Por eso, la cultura es el alma de los pueblos, del hombre, de la sociedad; en fin, la cualidad que autentifica e identifica.
La cultura, su consideración y ubicación como núcleo de la identidad nacional, pone de manifiesto y explica su papel integrador del todo y la fuerza con que lo trasciende, define y determina. Precisamente el status de la cultura nacional como núcleo de la identidad fija su idea, su concepto y riqueza, en tanto "fuente de valores, catalizador de creatividad y movilizador de energía para un desarrollo endógeno y auténticamente humano".
En esto se fundamenta el lugar relevante de la cultura, así como el valor teórico-metodológico de su intelección, para asumir de modo científico el devenir y condicionamiento de la identidad nacional y regional. Es que la cultura en toda su expresión y determinaciones aparece como proceso y resultado de la actividad humana, y con ello "genio del pueblo… que condiciona la orientación fundamental del desarrollo, su tipo y estado(…) De ahí "que para asegurar un desarrollo auténtico es necesario restituir la identidad cultural de los pueblos en la plenitud de sus componentes más representativos, más profundos y auténticos…"
La cultura, en tanto ser esencial y medida del desarrollo alcanzado por el hombre en su quehacer práctico-espiritual, representa una categoría clave para revelar la esencia de la identidad nacional y sus mecanismos de desarrollo. Su valor teórico-metodológico es evidente, pues con su ayuda "se pueden determinar las peculiaridades cualitativas de las formas histórico-concretas de la vida social de la actividad de los diferentes grupos sociales, el grado de perfeccionamiento que ha tenido su producción material y espiritual, de los aspectos originales y propios de ese conglomerado social…" así como sus dominios universal y específico en que se expresa.
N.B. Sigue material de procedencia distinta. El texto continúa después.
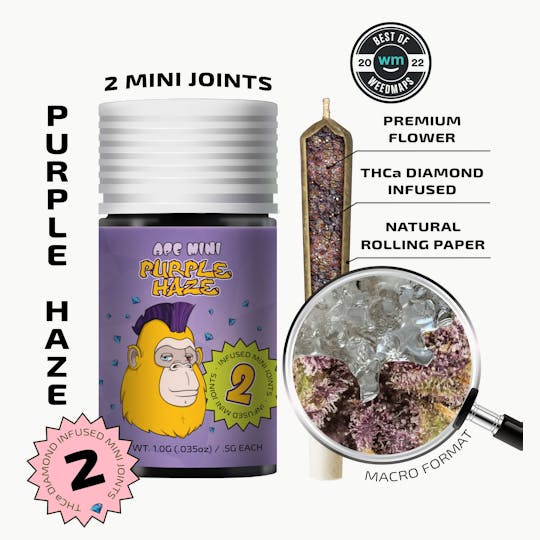 APE Premium Cannabis Corp - Purple Haze (Sativa) — 2 Mini joints infused (1g | 0.5g each) - 1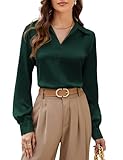 Satin Silk Tops for Women Business Casual Shirts Long Sleeve Office Blouses Slim Fit Dark Green XL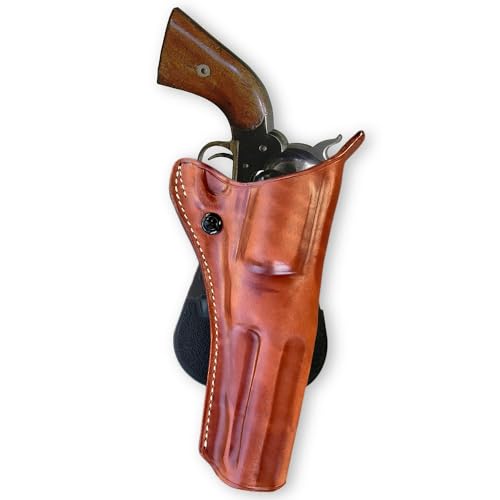 Leather Paddle OWB Revolver Holster Open Top, Fits Pietta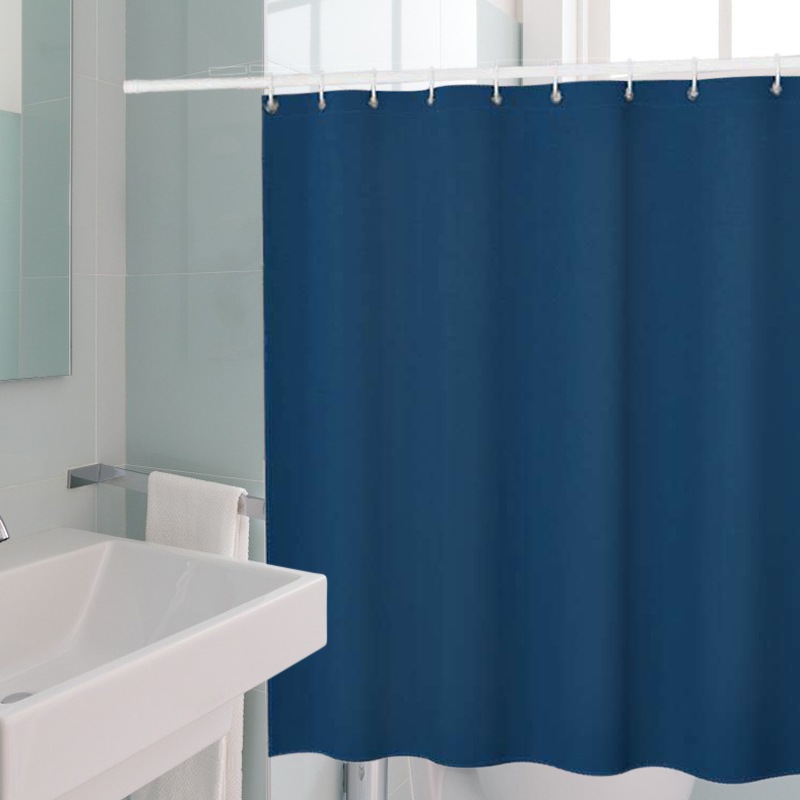 Plain Bath Shower Curtain With Free Hooks New Waterproof Fabric Bathroom Curtain 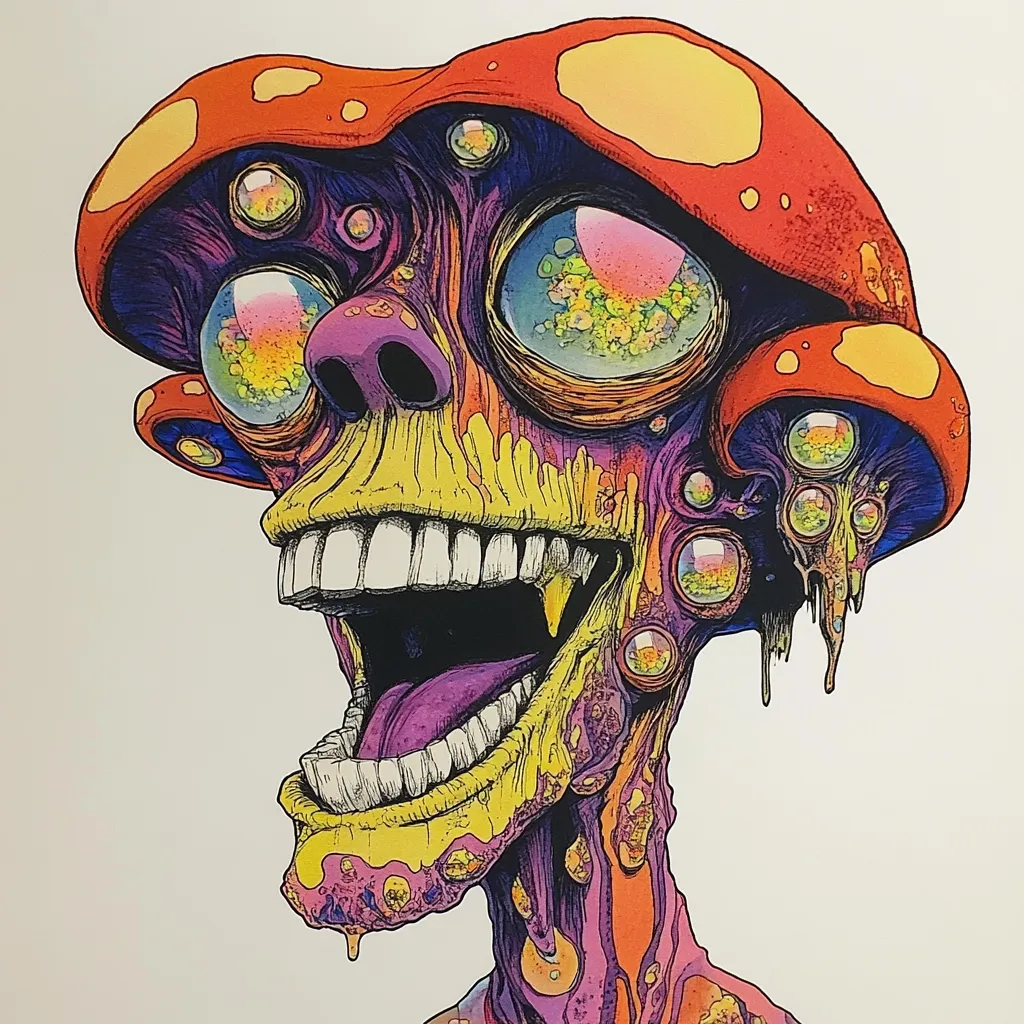 A vibrant, psychedelic illustration depicts a grotesque, smiling creature.  Its head resembles a melting, multicolored mushroom with bulbous, eye-like protrusions.  The creature's wide, toothy grin reveals a purple tongue, and its skin is a chaotic blend of yellows, purples, and oranges, giving an overall impression of melting flesh or hallucinogenic imagery.  The style is detailed and cartoonish, with a focus on bold colors and contrasting textures.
La cultura como proceso y resultado de la actividad práctico-espiritual, deviene así grado cualitativo de universalización del hombre y de su obra, a tal punto que lo reproduce en calidad de sujeto humanizando la naturaleza y haciendo historia. Todo enmarcado en un proceso continuo de producción, reproducción, creación e intercambio de la obra humana en sus múltiples manifestaciones. Es un proceso donde el hombre encarna su ser esencial y con ello mira el pasado, afianza el presente y proyecta el futuro, a partir, del reconocimiento de las posibilidades y los límites en que se despliega su energía creadora en un marco histórico concreto.
Al margen de la cultura es imposible revelar la dialéctica de lo general y lo particular, lo autóctono y lo foráneo, lo auténtico y lo inauténtico de un país o región concreta. Su función integradora dimana del hecho de que "la producción social, siendo la producción de las condiciones materiales de vida de los hombres, de sus relaciones y su conciencia es, al mismo tiempo, la producción por ellos de sí mismos, su autoproducción, lo que existe no como rama independiente y aislada de la actividad humana, sino como forma de la propia producción material y espiritual". Cada cultura, en su proceso dinámico de desarrollo y en la encarnación real de sus resultados, concreta en síntesis múltiples determinaciones y mediaciones en que tiene lugar su existencia como tal. La cultura nacional o regional que sirve de núcleo integrador a la identidad de un país o región, resulta de la conjunción dinámica de muchos aspectos y productos sociales, humanos, de índoles universal, particular y singular, engendrados en la historia como proceso de asimilación y creación, donde cada país o región, en función de sus condiciones histórico-concretas y los hombres que participan en calidad de sujeto históricos, obtiene un determinado resultado que avala su existencia, y la razón de su ser esencial. Un producto nacional, que en la medida que expresa y compendia una historia real concreta, resulta original y auténtico a tal punto que se objetiva y traduce en una base o fundamento de sustentación de la existencia, y en una fuerza generadora de sentimientos y conciencia históricas.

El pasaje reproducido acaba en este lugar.